All You Never Wanted, by Adele Griffin

My only previous experience with popular YA author Adele Griffin was Tighter, her modern-day retelling of Henry James's The Turn of the Screw. I was underwhelmed by Tighter, but I've always loved James's novella, so I had some residual goodwill for Griffin's story despite its disappointingly weak ending.

Sadly, I felt zero goodwill (residual or otherwise) about Griffin's latest effort, All You Never Wanted. Instead, I spent most of the book fantasizing about punching both of its main characters in the face. Thanks to their mother's remarriage to a Connecticut millionaire, sisters Alex and Thea's lifestyle has undergone a massive change. After years of barely making ends meet, the girls deal with their newfound luxury in different, but equally destructive ways—when the ritzy internship her stepfather arranged goes wrong, Alex begins to obsessively restrict her diet, while Thea uses her money and gift for lying to scramble up her school's social ladder.
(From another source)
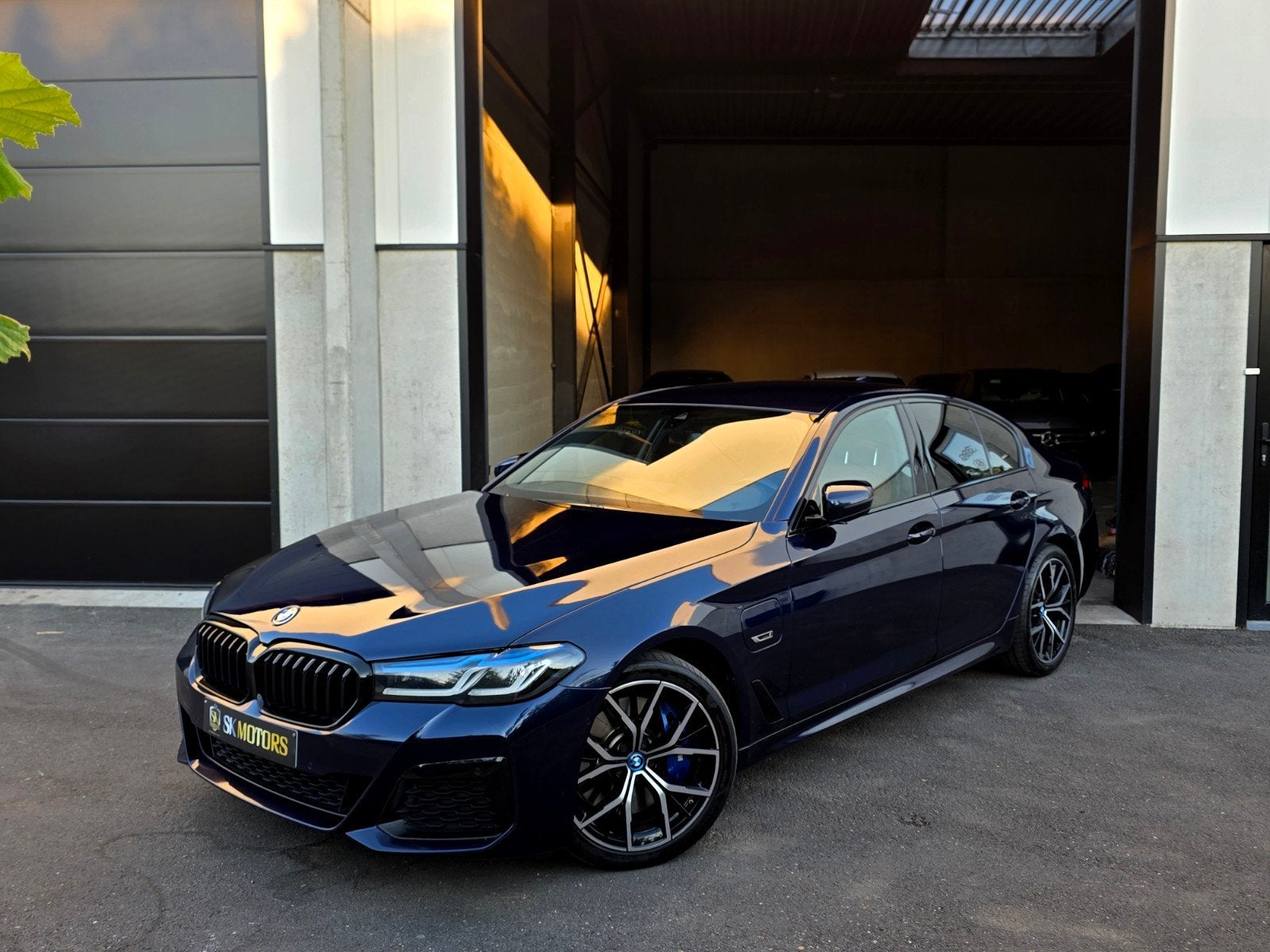 545E M 394CV PHEV TVA RECUP. Laser Massage Sieges Comfort, Autos, BMW, Cuir, Euro 6, Entreprise, Garantie prolongée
It was difficult for me to decide which sister I disliked more: Thea, who lies like a rug and tries to steal her sister's pot-dealing boyfriend, or Alex, who is clearly meant to be the story's protagonist (she, like, volunteers with poor kids and stuff), but lets one—admittedly humiliating—experience take over her entire life. (Plus, she totally ditches those poor kids when it suits her.) If I were still a teenager, I might have gotten a vicarious thrill out of Griffin's descriptions of the girls' 1% lifestyle, but as it is I found myself wondering where their mother was, and why she hadn't shipped both girls off to intensive therapy. Or a convent.

To be fair, Griffin has a notable talent for description, and, for at least the first half of the book, I was mildly invested in learning what brought Alex and Thea to their current situation and what could possibly drag them out of it. Unfortunately, the “big reveal” regarding the sisters' backgrounds and futures turned out to be ridiculous, and none of the book's other themes—sibling rivalry, anxiety, compulsive lying—held much charm, either. Fans of overwrought melodramas about... very little, actually, might enjoy this. As for me, I'm off to re-read Cold Comfort Farm as a palate-cleanser.

Review based on publisher-provided copy.